MATERIAL PROVIDED:
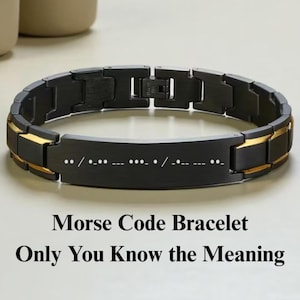 Pode incluir: Uma pulseira de elos em preto fosco com detalhes em tom dourado nas bordas e uma placa retangular central gravada com símbolos de código Morse. A pulseira inclui um fecho de metal seguro e é exibida com o texto Morse Code Bracelet Only You Know the Meaning.
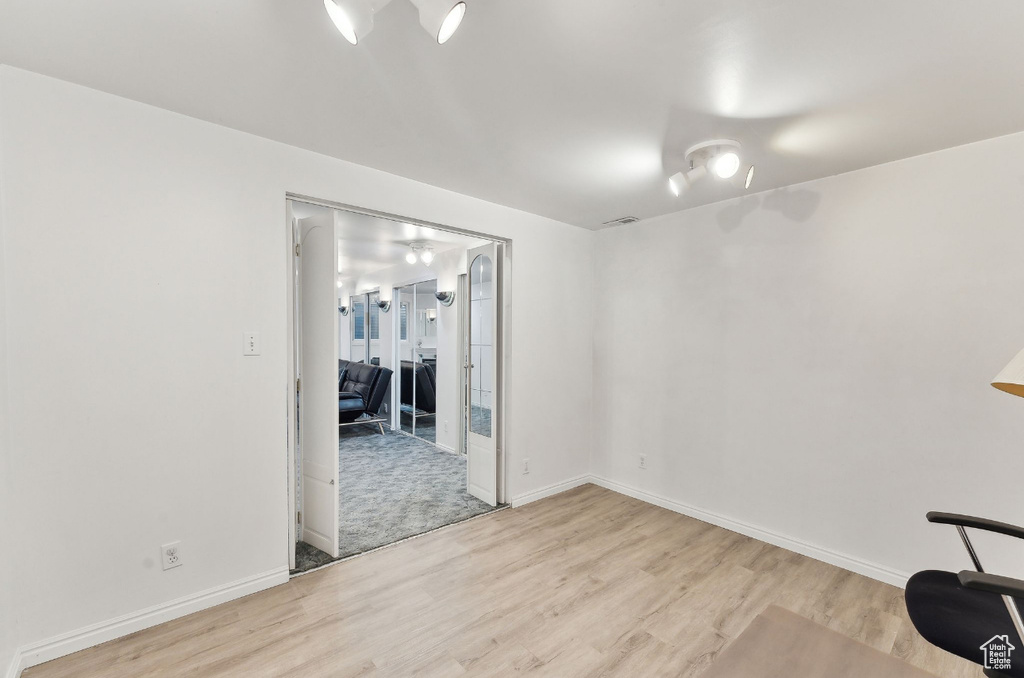 Empty room featuring wood finished floors and baseboards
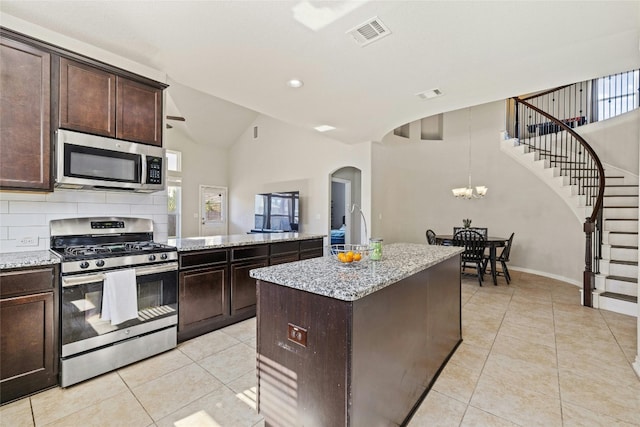 kitchen featuring dark brown cabinets, a kitchen island, light tile patterned floors, and appliances with stainless steel finishes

EXERCISE OBJECTIVE: Repeat each line above exactly as it reads, omitting any pictures.

RESPONSE TO THE EXERCISE:
 Pode incluir: Uma pulseira de elos em preto fosco com detalhes em tom dourado nas bordas e uma placa retangular central gravada com símbolos de código Morse. A pulseira inclui um fecho de metal seguro e é exibida com o texto Morse Code Bracelet Only You Know the Meaning.
 Empty room featuring wood finished floors and baseboards
 kitchen featuring dark brown cabinets, a kitchen island, light tile patterned floors, and appliances with stainless steel finishes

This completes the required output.